*Requirement*: Would you please repeat, word for word, only the lines from the one holding "24 Inch Paulownia" through the one holding "Folding camping table - table, light" in the material below, without the pictures?

*Dataset records*:
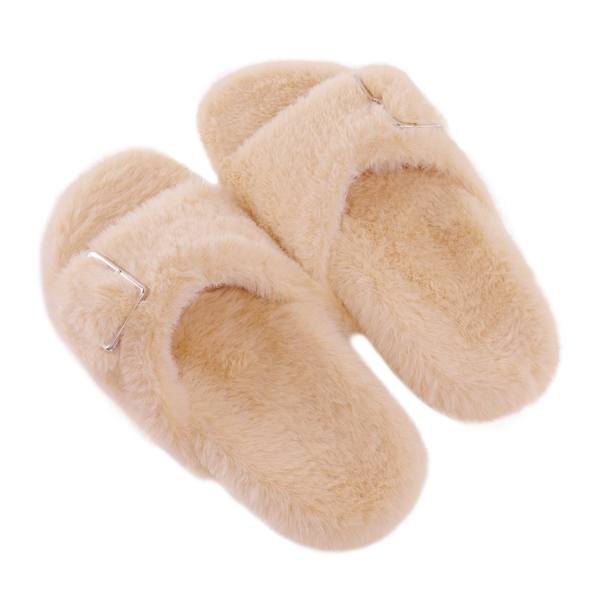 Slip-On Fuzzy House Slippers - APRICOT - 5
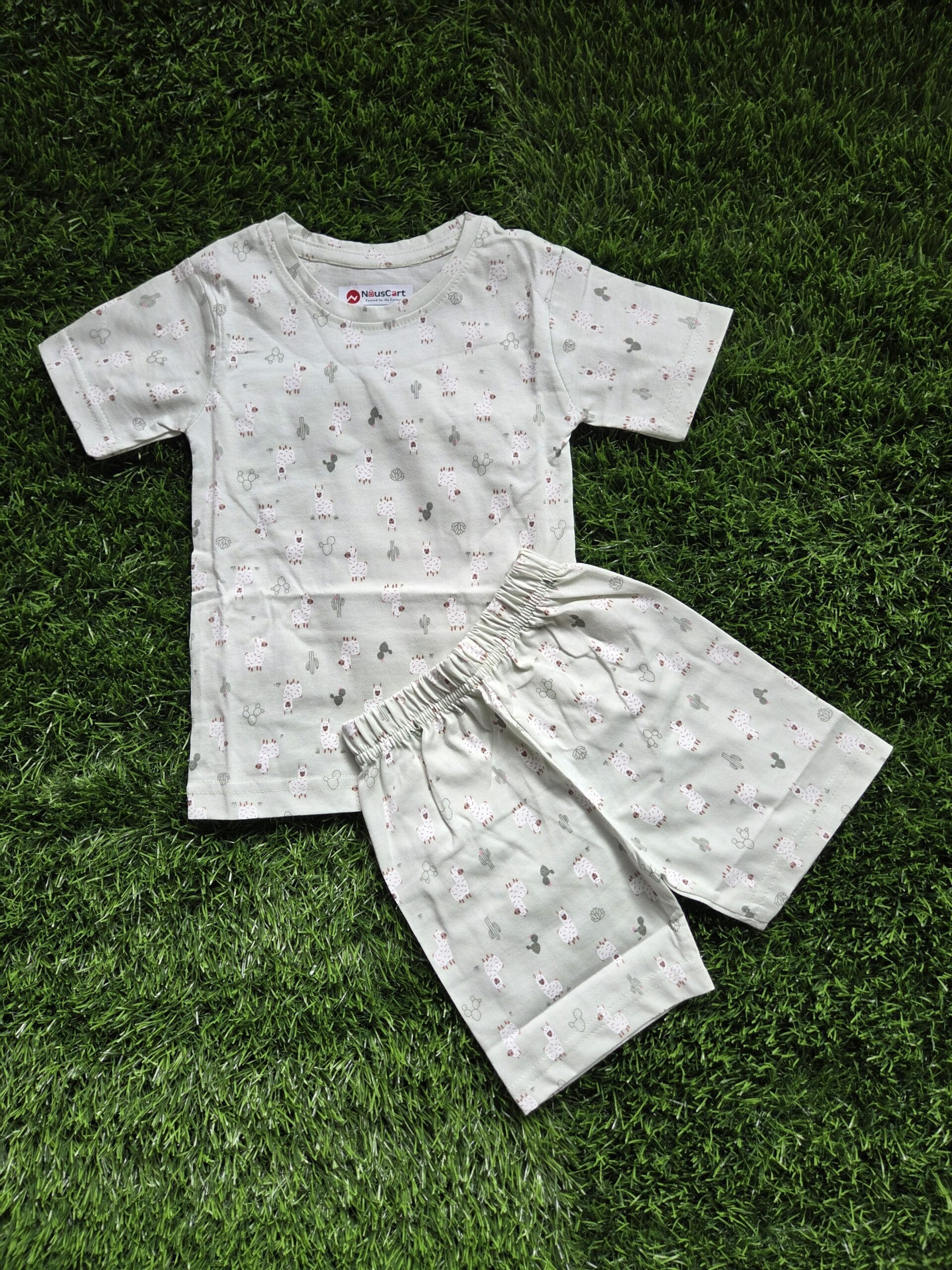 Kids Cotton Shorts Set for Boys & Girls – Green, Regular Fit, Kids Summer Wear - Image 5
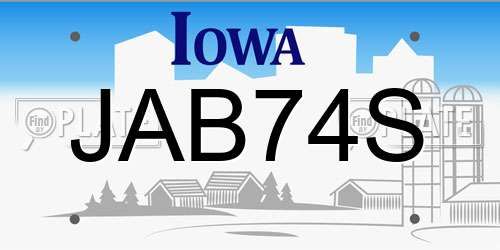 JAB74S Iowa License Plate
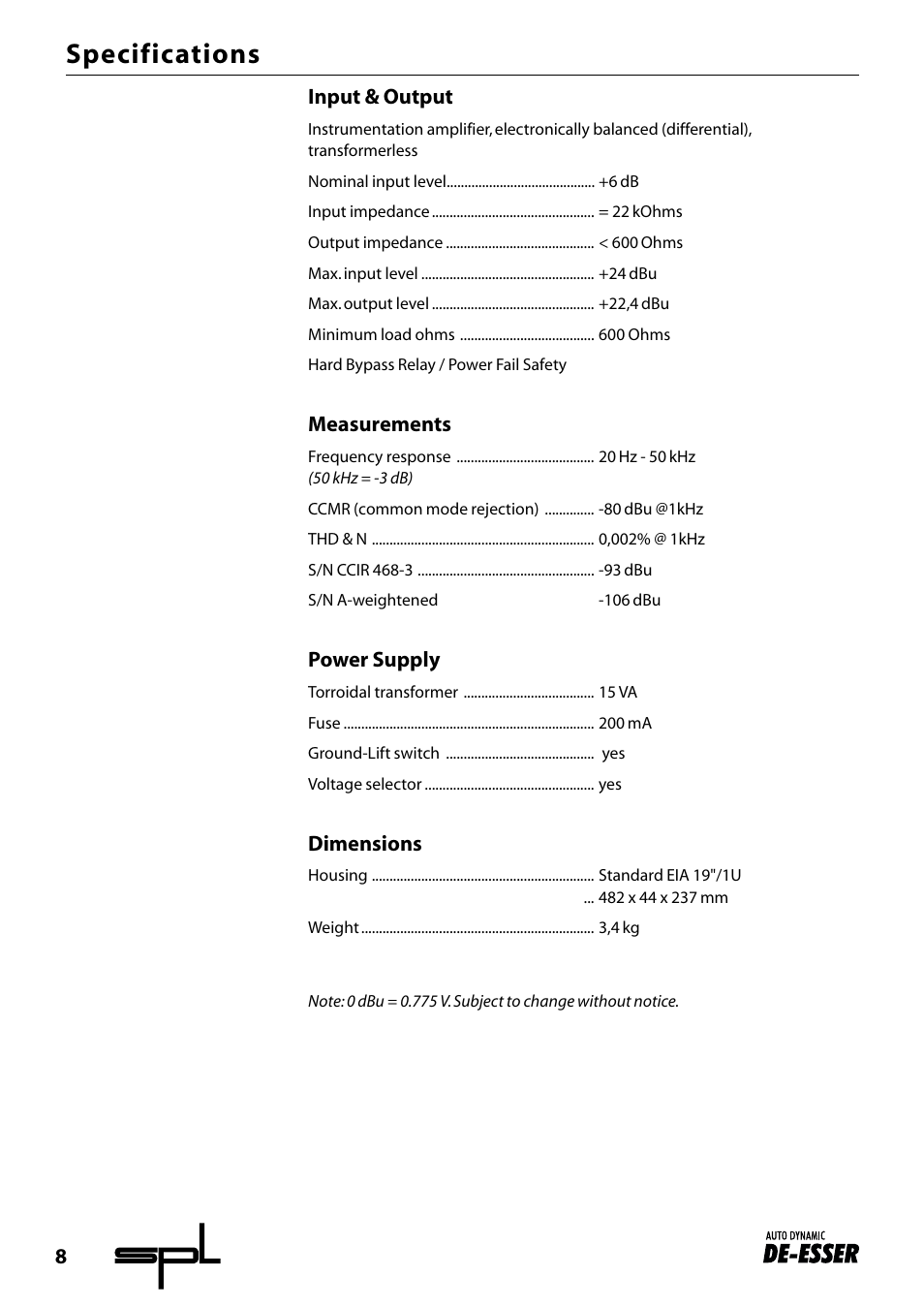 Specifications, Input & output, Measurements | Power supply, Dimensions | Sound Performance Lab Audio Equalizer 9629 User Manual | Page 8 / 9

...

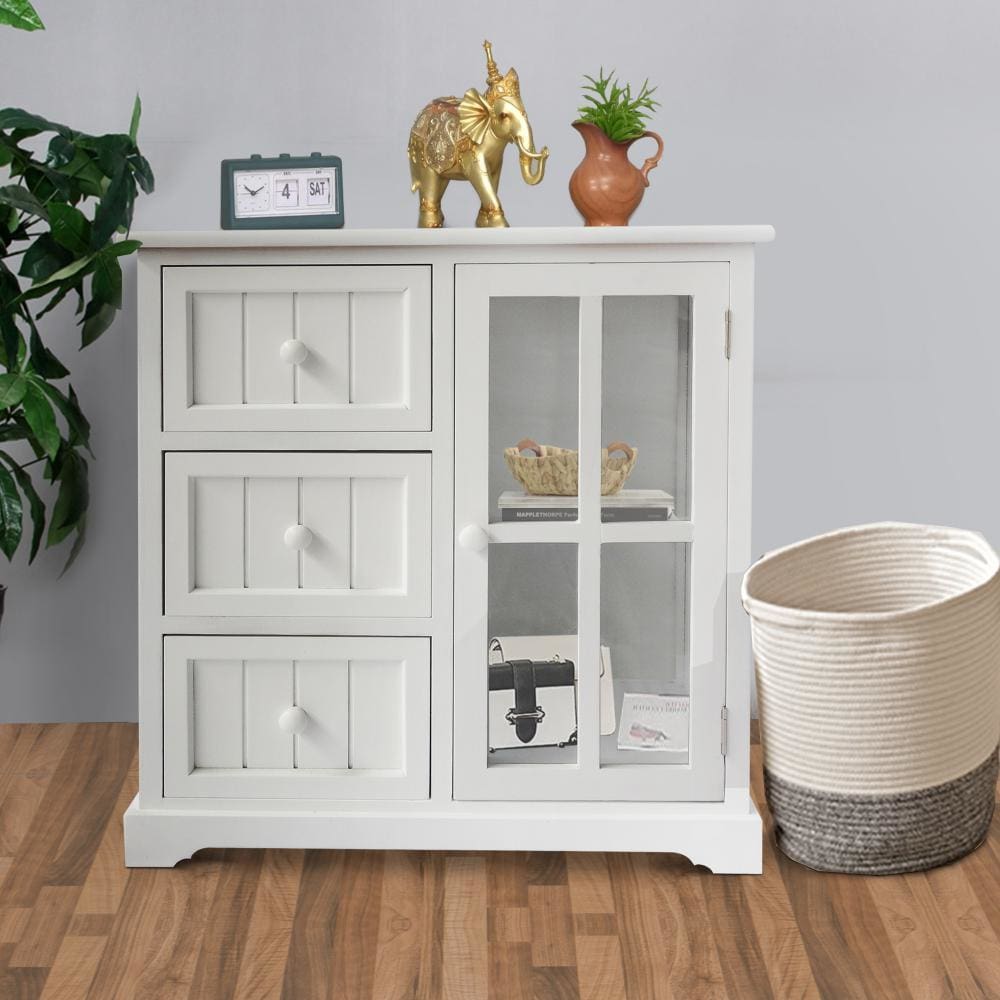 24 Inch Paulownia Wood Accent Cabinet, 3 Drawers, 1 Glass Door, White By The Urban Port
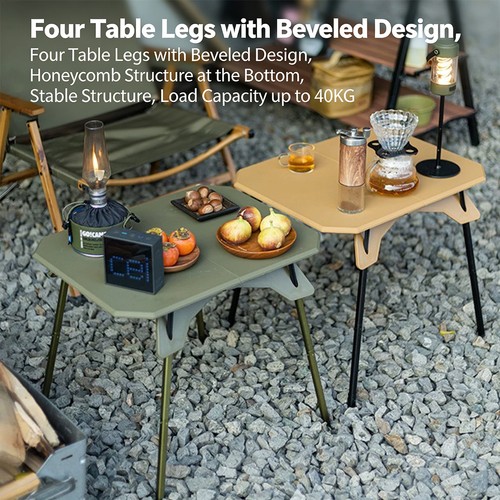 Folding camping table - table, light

*Answer to this exercise*:
 24 Inch Paulownia Wood Accent Cabinet, 3 Drawers, 1 Glass Door, White By The Urban Port
 Folding camping table - table, light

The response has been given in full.